[Data extracted from a collection]
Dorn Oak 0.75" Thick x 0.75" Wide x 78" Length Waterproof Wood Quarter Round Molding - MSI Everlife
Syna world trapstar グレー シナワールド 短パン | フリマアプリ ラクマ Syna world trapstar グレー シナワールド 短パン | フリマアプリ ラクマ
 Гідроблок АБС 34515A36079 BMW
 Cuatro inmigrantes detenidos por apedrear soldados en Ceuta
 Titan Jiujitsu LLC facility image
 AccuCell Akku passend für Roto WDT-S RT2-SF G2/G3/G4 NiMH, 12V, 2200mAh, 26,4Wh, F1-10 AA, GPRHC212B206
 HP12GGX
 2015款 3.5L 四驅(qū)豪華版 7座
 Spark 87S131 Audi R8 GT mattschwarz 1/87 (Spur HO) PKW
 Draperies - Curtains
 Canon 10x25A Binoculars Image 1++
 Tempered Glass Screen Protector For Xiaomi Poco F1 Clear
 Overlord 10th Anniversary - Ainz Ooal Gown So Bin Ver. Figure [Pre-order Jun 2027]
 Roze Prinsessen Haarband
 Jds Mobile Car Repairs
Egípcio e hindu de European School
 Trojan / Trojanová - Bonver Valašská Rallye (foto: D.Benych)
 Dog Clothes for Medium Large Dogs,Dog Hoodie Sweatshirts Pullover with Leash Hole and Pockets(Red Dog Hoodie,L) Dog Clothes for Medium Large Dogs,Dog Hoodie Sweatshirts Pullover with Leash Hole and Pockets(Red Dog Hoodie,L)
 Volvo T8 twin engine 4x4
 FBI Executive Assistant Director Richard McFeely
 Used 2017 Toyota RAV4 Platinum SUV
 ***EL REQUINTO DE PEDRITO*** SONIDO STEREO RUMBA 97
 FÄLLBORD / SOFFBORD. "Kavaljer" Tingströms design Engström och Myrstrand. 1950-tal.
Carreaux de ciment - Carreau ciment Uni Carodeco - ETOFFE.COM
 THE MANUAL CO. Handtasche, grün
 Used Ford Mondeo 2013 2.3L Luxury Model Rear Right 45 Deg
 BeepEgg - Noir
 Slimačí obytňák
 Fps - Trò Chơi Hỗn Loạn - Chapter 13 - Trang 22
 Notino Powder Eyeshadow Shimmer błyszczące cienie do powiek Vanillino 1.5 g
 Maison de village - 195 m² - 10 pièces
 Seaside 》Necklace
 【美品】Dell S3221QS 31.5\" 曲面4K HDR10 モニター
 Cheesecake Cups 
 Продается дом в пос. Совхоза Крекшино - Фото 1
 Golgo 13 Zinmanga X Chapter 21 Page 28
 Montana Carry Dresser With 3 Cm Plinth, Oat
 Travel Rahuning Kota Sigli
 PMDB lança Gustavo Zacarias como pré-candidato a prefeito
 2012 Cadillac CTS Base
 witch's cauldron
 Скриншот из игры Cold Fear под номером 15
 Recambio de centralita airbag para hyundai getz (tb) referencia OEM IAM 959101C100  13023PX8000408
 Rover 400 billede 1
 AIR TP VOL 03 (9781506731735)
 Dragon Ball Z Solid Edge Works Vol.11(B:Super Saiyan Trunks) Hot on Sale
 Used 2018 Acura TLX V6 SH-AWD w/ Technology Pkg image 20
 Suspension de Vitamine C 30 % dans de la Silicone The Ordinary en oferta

### WHAT IS BEING ASKED
The required result is an exact repeat of the records above from the line containing "Продается дом в" to their final line.

### SOLUTION
 Продается дом в пос. Совхоза Крекшино - Фото 1
 Golgo 13 Zinmanga X Chapter 21 Page 28
 Montana Carry Dresser With 3 Cm Plinth, Oat
 Travel Rahuning Kota Sigli
 PMDB lança Gustavo Zacarias como pré-candidato a prefeito
 2012 Cadillac CTS Base
 witch's cauldron
 Скриншот из игры Cold Fear под номером 15
 Recambio de centralita airbag para hyundai getz (tb) referencia OEM IAM 959101C100  13023PX8000408
 Rover 400 billede 1
 AIR TP VOL 03 (9781506731735)
 Dragon Ball Z Solid Edge Works Vol.11(B:Super Saiyan Trunks) Hot on Sale
 Used 2018 Acura TLX V6 SH-AWD w/ Technology Pkg image 20
 Suspension de Vitamine C 30 % dans de la Silicone The Ordinary en oferta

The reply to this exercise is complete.